Was erwarten Sie von der Europawahl?
Wir haben das Dilemma, dass die meisten Parteien dem rechten Rand hinterherhecheln und man eigentlich nicht recht weiß, wen man wählen kann. Ein Theaterprojekt ist nur ein ganz kleiner Versuch, sich dem entgegenzustemmen. Andererseits gab es erst kürzlich ein Beispiel dafür, dass Kunst durchaus etwas verändern kann.
Nämlich?
Der Film „The Green Border“ über die belarussisch-polnische Grenze und den verborgenen Krieg gegen Flüchtlinge hatte wohl einigen Einfluss auf die letzte Wahl in Polen. Die Regisseurin Agnieszka Holland hat auf einer Gala gesagt, der Film, der drei, vier Monate vor den Wahlen ins Kino kam, sei der meist gesehene seit Jahren in Polen gewesen. Es gab sehr viele Reaktionen. Sie wurde als „Vaterlandsverräterin“ beschimpft, musste Polizeischutz bekommen. Der Film hat offensichtlich in Polen einiges ausgelöst.

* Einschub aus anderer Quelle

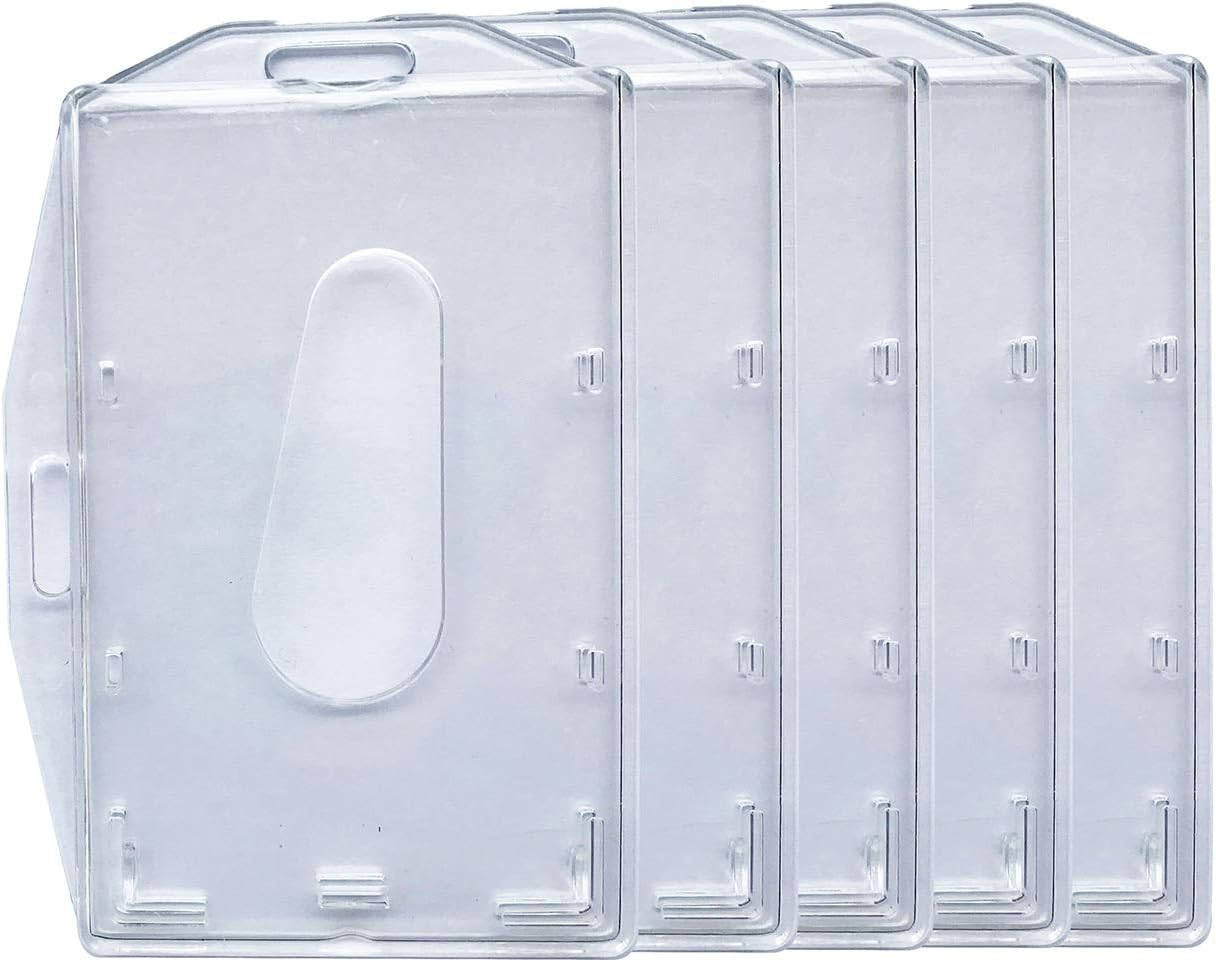 Clear Enclosed ID Card Holder Two Way ID Badge Holder Pack of 5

Wie erklären Sie sich das?
Eigentlich ist es ein Dokumentarfilm. Er beschreibt authentisch die Situation an der Grenze, wie übel den Flüchtlingen mitgespielt wird. Dass es aber auch Menschen gibt, die ihren humanitären Background nicht ganz verloren haben. Der Film wirkt auch stark durch die Bilder. Das hat wohl viele zum Nachdenken gebracht.

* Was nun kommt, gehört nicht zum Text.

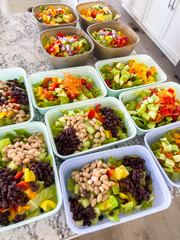 Meal Prep with Colorful Salads in Containers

Kommen wir zu Ihrer Gruppe borderline-europe. Was machen Sie?
Wir haben uns 2007 in Berlin gegründet. Eine Kollegin zog 2009 nach Palermo, seitdem haben wir auch dort ein Büro und einen Verein. Die Kollegin hat mit italienischen Aktivist*innen ein Monitoring der Situation der Geflüchteten auf Sizilien und in Richtung Lampedusa und Nordafrika begonnen.
Auf dem Meer?
An Land. Als 2015 die zivile Seenotrettung begann, war es für sie ausgesprochen hilfreich, dass es uns gab, weil wir vor Ort verankert waren und die Strukturen kannten. Und wir kooperieren seither.

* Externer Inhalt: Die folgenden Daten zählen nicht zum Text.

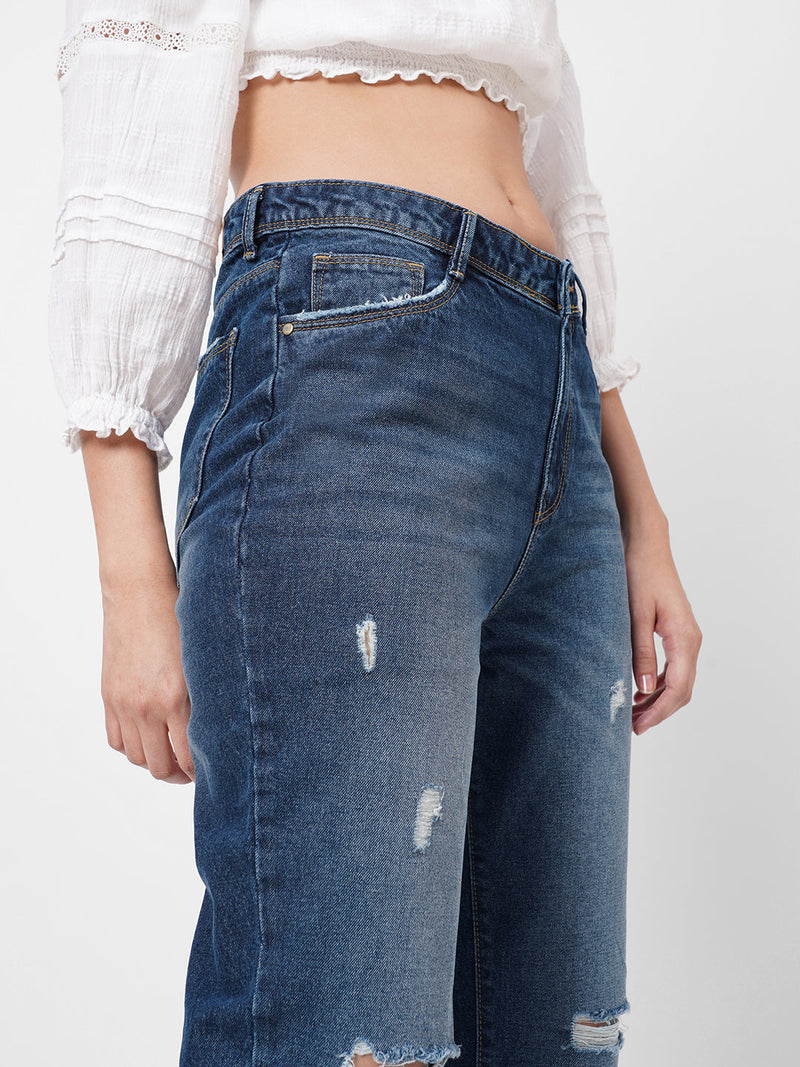 K5067 Super High-Rise Straight Ripped Jeans - Dark Blue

Was ist Ihr Part dabei, Sie haben ja keine Rettungsschiffe?
Wir machen viel Öffentlichkeitsarbeit, haben Kontakte, etwa zu Jurist*innen in Italien, Griechenland. Wir waren in gewisser Weise auch Geburtshelfer für die Seawatch, denn wir haben anfangs für Harald Höppner, den Initiator, Spenden eingesammelt – und so zum Anfang dieser großartigen Organisation beigetragen. Wir arbeiten viel mit Aktivist*innen aus der Geflüchtetenszene zusammen, helfen, Anträge zu stellen, solche Dinge. 2016 haben wir zum Beispiel ein soziales Projekt zur Unterstützung von Geflüchteten auf Lesbos begonnen, das gibt es immer noch.
Ein Schwerpunkt Ihrer Arbeit ist die Beobachtung und Dokumentation von sogenannten Schleuser-Prozessen.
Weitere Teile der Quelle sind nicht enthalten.